(WHAT YOU ARE ASKED TO DO): Give again, word for word, each line below starting at the one that contains "Hinkley Lighting - Republic" and ending at the one that contains "Process for producing".

[[ SOURCE MATERIAL, beginning ]]

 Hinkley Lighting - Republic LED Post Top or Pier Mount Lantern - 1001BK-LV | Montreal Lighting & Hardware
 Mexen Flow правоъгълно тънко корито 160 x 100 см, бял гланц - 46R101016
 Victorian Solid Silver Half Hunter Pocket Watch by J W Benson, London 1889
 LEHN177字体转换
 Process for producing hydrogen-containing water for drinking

[[ SOURCE MATERIAL, end ]]
[[ SOURCE MATERIAL, beginning ]]

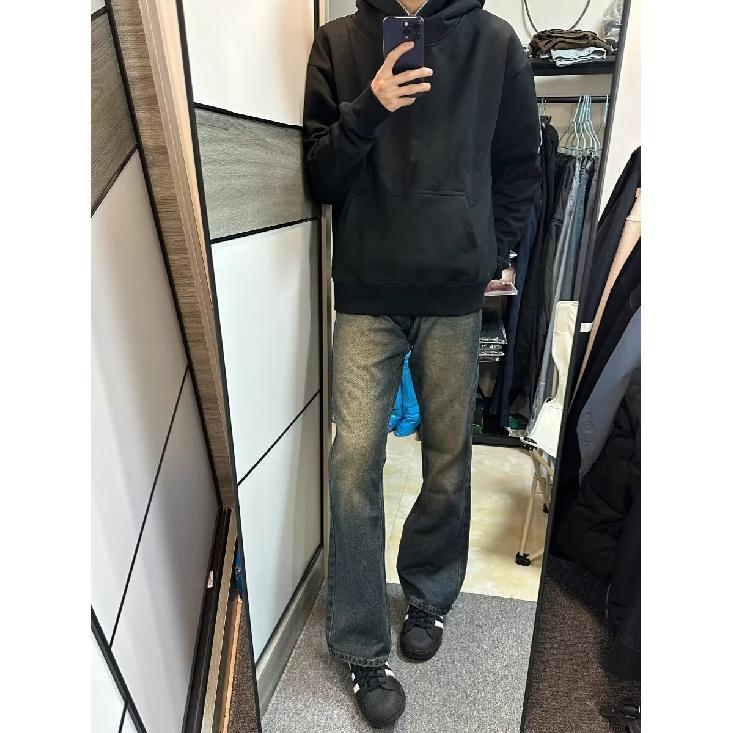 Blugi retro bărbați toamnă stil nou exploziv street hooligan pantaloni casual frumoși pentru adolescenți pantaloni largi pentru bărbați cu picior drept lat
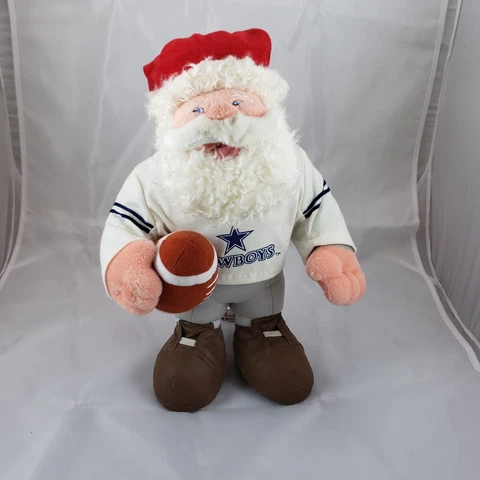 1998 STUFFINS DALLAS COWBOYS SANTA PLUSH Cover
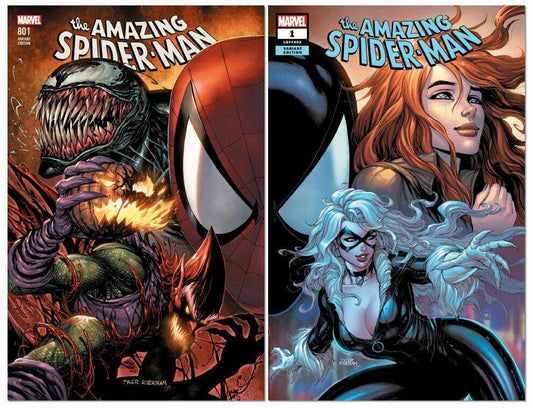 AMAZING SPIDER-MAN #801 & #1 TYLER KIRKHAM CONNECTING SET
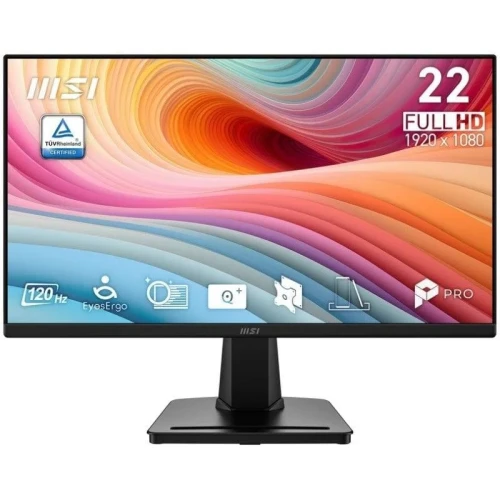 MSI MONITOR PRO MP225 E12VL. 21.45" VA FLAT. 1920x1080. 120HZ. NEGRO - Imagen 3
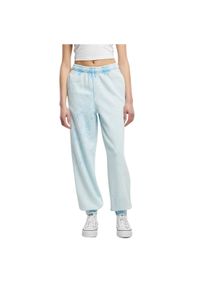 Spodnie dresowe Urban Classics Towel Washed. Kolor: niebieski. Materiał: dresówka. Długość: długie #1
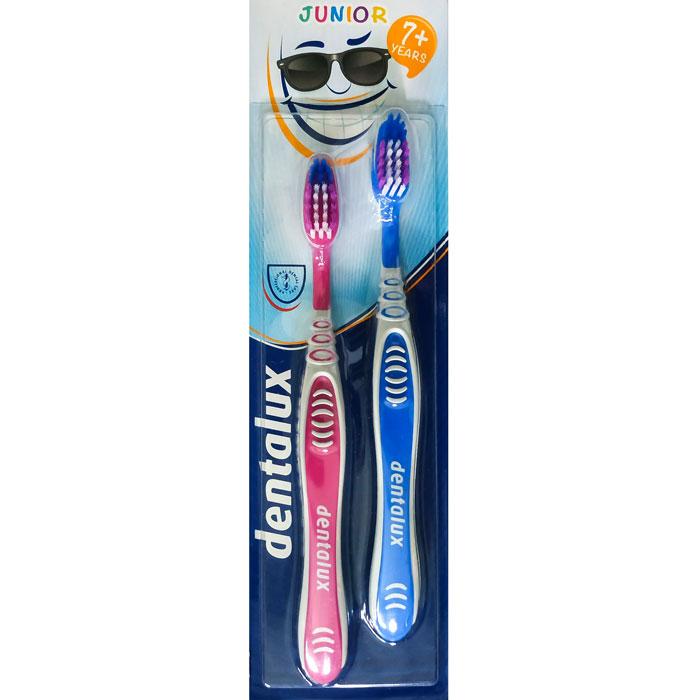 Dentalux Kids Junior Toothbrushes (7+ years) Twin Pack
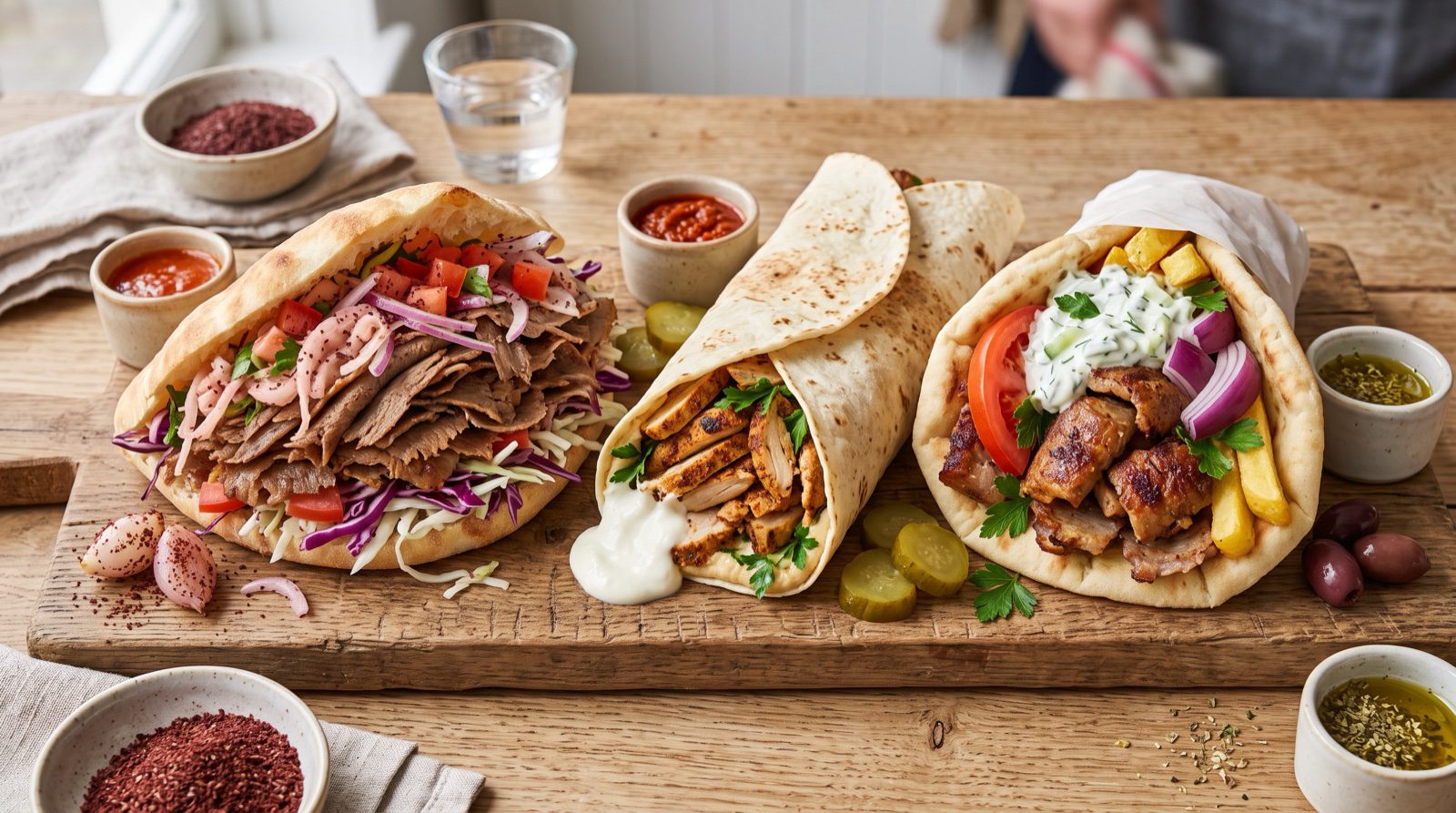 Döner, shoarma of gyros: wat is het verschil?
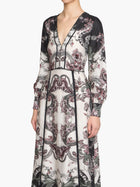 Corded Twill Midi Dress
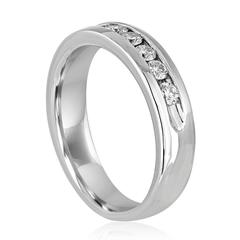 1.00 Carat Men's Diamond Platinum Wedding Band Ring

[[ SOURCE MATERIAL, end ]]
[[ SOURCE MATERIAL, beginning ]]

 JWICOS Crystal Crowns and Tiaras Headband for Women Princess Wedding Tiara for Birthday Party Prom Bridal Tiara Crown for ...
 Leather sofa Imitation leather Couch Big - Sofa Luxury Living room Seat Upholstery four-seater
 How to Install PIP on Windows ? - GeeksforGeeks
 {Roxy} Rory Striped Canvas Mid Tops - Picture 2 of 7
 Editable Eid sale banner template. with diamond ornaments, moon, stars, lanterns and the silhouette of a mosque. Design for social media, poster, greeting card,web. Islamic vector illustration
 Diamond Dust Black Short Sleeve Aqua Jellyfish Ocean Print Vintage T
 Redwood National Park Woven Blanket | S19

[[ SOURCE MATERIAL, end ]]

(RESPONSE BOX):
 Hinkley Lighting - Republic LED Post Top or Pier Mount Lantern - 1001BK-LV | Montreal Lighting & Hardware
 Mexen Flow правоъгълно тънко корито 160 x 100 см, бял гланц - 46R101016
 Victorian Solid Silver Half Hunter Pocket Watch by J W Benson, London 1889
 LEHN177字体转换
 Process for producing hydrogen-containing water for drinking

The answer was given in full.